In [1]:
import scipy.io
import pandas as pd
import numpy as np 
from sklearn.model_selection import LeaveOneGroupOut, cross_val_score, cross_val_predict
from sklearn.discriminant_analysis import LinearDiscriminantAnalysis
from sklearn.metrics import accuracy_score, roc_auc_score
import scipy.stats as stats
from mat_preproc import preproc

import matplotlib.pyplot as plt
import seaborn as sns

%matplotlib inline
%config InlineBackend.figure_format='retina'
sns.set_style("darkgrid")

import matlab.engine
eng = matlab.engine.start_matlab()

# Encodings for Each Label

## *source information*

1. SC (Source Correct)
2. CR (Correct Rejection)
3. SI (Source Incorrect)
4. Miss 
5. FA  (False Alarm)

## *label for the source response*

1. RS (Remember Source)
2. RO (Remember Other)
3. F (Familiarity)
4. MN (Maybe New) 
5. SN (Sure New)


In [2]:
# class attributes
source_info = ["SC", "CR", "SI", "M", "FA"]
response_info = ["RS", "RO", "F", "MN", "SN"]

# the x-axis on the projection graph
x_axis = [(1, 1), (3, 1), (5, 1), (1, 2), (5, 2), (1, 3), (3, 3), (5, 3), (4, 4), (2, 4), (4, 5), (2, 5)]

# Summary Function

In [3]:
def clf_summary(clf, exp):
    
    file_path = f"data_imbalLDA_{exp}.mat"
    data_preproc = preproc(file_path, exp)
    if clf == "SN_vs_MN":
        pos1, neg1 = data_preproc.filter_index(2,5,2,4)
        pos2, neg2 = data_preproc.filter_index(4,5,4,4)
    elif clf == "F_vs_CR":
        pos1, neg1 = data_preproc.filter_index(1,3,2,4)
        pos2, neg2 = data_preproc.filter_index(3,3,2,5)
    else:
        raise ValueError("Unknown Classifier")
    pos_idx, neg_idx = data_preproc.merge_two_class(pos1, neg1, pos2, neg2)
    X, y, subject = data_preproc.get_data_by_index(pos_idx, neg_idx, eliminate_trails = False)
    print(f"Summary for Clf: {clf}, Exp: {exp}")
    print(f"the shape of the training features is {X.shape}")

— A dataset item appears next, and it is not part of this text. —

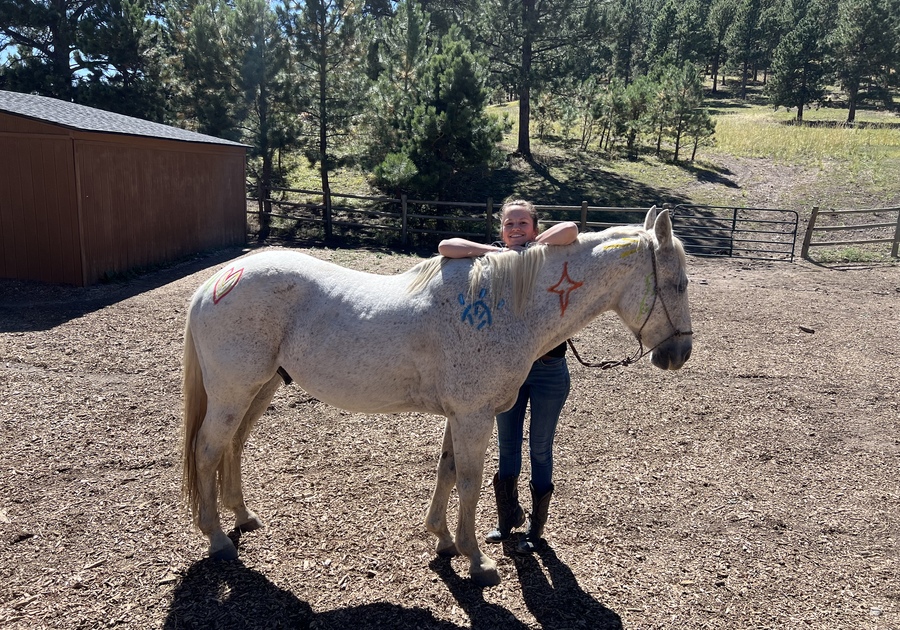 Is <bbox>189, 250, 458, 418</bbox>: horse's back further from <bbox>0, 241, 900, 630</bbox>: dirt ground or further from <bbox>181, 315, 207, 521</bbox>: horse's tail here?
<bbox>0, 241, 900, 630</bbox>: dirt ground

    ## use shrinkage 0 to fit the whole data and test on the whole data
    ## different solvers give the same result
    LDA = LinearDiscriminantAnalysis(shrinkage = 0, solver = 'eigen')
    LDA.fit(X, y)
    print(f"the accuracy for experiment {exp} {clf} is {LDA.score(X, y)}")

#     ## Projection graph
#     pos_idx = [10, 11]
#     neg_idx = [8, 9]
#     data_preproc.generate_projections(LDA, pos_idx, neg_idx, X, y, subject)
#     plt.title(f"{clf} Projection Experiment {exp}", fontsize = 12)
    

## Testing in different classifier and experiment number

### SN vs MN, Exp 1

In [4]:
# Python & Sklearn
clf_summary("SN_vs_MN", 1)

Summary for Clf: SN_vs_MN, Exp: 1
the shape of the training features is (3898, 72)
the accuracy for experiment 1 SN_vs_MN is 0.616213442791175


In [5]:
# Matlab & Kueida
eng.LDA_simplest_test("SN_vs_MN", 1, nargout=1)

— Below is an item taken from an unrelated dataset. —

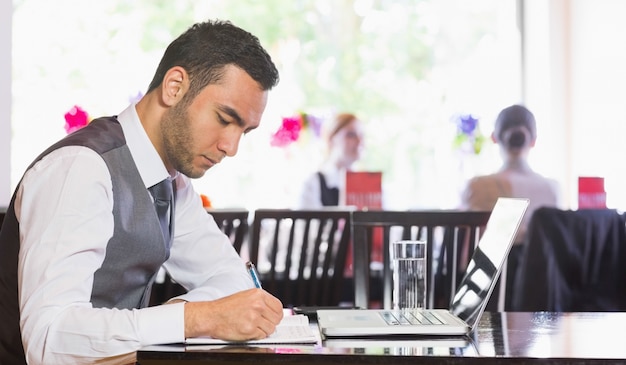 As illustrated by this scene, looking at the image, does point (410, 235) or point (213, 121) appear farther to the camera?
point (410, 235)

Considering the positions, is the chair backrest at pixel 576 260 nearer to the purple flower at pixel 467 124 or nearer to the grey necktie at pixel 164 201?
the grey necktie at pixel 164 201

The shape of the training set is
        3898          72

the accuracy for experiment 1 SN_vs_MN is: 0.60749


0.6074910210364289

### SN vs MN, Exp 2

In [6]:
# Python & Sklearn
clf_summary("SN_vs_MN", 2)

Summary for Clf: SN_vs_MN, Exp: 2
the shape of the training features is (3133, 72)
the accuracy for experiment 2 SN_vs_MN is 0.6878391318225343


In [7]:
# Matlab & Kueida
eng.LDA_simplest_test("SN_vs_MN", 2, nargout=1)

The shape of the training set is
        3133          72

the accuracy for experiment 2 SN_vs_MN is: 0.61985


0.6198531758697734

### F vs CR, Exp 1

In [8]:
# Python & Sklearn
clf_summary("F_vs_CR", 1)

Summary for Clf: F_vs_CR, Exp: 1
the shape of the training features is (3703, 72)
the accuracy for experiment 1 F_vs_CR is 0.7051039697542533


In [9]:
# Matlab & Kueida
eng.LDA_simplest_test("F_vs_CR", 1, nargout=1)

The shape of the training set is
        3703          72

the accuracy for experiment 1 F_vs_CR is: 0.6087


0.6086956521739131

### F vs CR, Exp 2

In [10]:
# Python & Sklearn
clf_summary("F_vs_CR", 2)

Summary for Clf: F_vs_CR, Exp: 2
the shape of the training features is (3326, 72)
the accuracy for experiment 2 F_vs_CR is 0.7384245339747444


In [11]:
# Matlab & Kueida
eng.LDA_simplest_test("F_vs_CR", 2, nargout=1)

The shape of the training set is
        3326          72

the accuracy for experiment 2 F_vs_CR is: 0.59321


0.5932050511124474